One of the best opportunities you will have to assess your brand, enhance its strengths and diminish its weaknesses is during a merger or acquisition.
If you are the acquiring entity with the most well understood and compelling brand and if the acquired company fits within or extends the current understanding of your brand, then lucky you.
If not, “ Lucy, you got some ‘splaining to do”.
The starting point for reaching a decision is always a thorough examination of the market positions and perceptions of both brands. In most cases the acquired entity or merger partner (if you prefer) is absorbed into the acquirer’s brand. Simple enough.

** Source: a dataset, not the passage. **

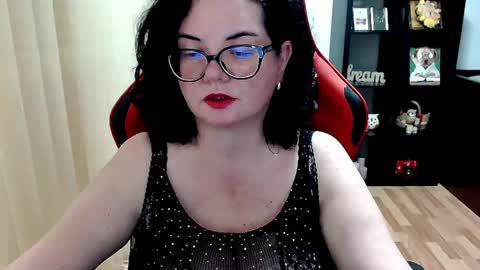 MissTruble online show from 05/15/26, 10:33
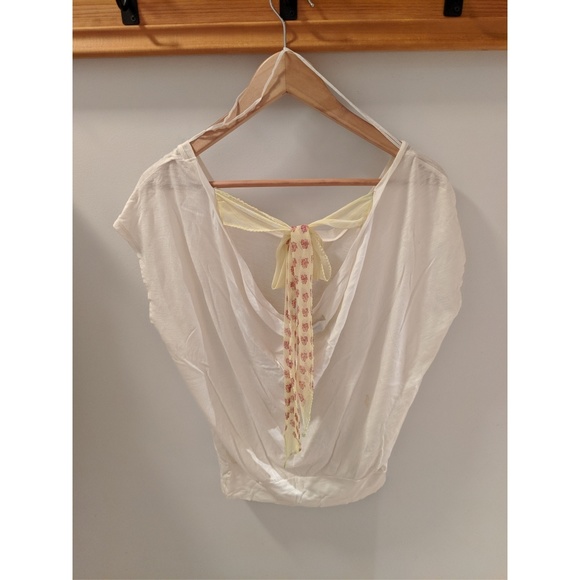 American Eagle cream t-shirt with back now, size S - Picture 1 of 3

It can happen that the acquired company has the more or equally resonant brand. Maybe this will relate to size, the smaller faster ship being more exciting than the bigger, but slower battleship. If so, you have to face facts about what is in the best interests of the combination. It may be this situation calls for a sub-branding approach that doesn’t change anything, but takes advantage of marketing and operating leverage or provides capital for the acquired brand to grow.
A merger is a great time to look forward to what can be. It should be like summiting a mountain and finding a great vista ahead. You should describe this vista to your staff and customers and let them see what you see.
Describing the new, combined brand will help inoculate you against the inevitable question that arises, “But what about me”? This can be inspired by your competitors who know that there is a haze during a merger period where everybody suddenly looks inward, even putting off decisions. Remember, the market isn’t waiting around for you to “make the merger work”.
A new brand, intentionally articulated can actually be the most exciting part of the process, as it will exude excitement and purpose. It can also keep you from creating a brand along the way by failing to do anything. A really bad bet is to let the market or your competitors brand you.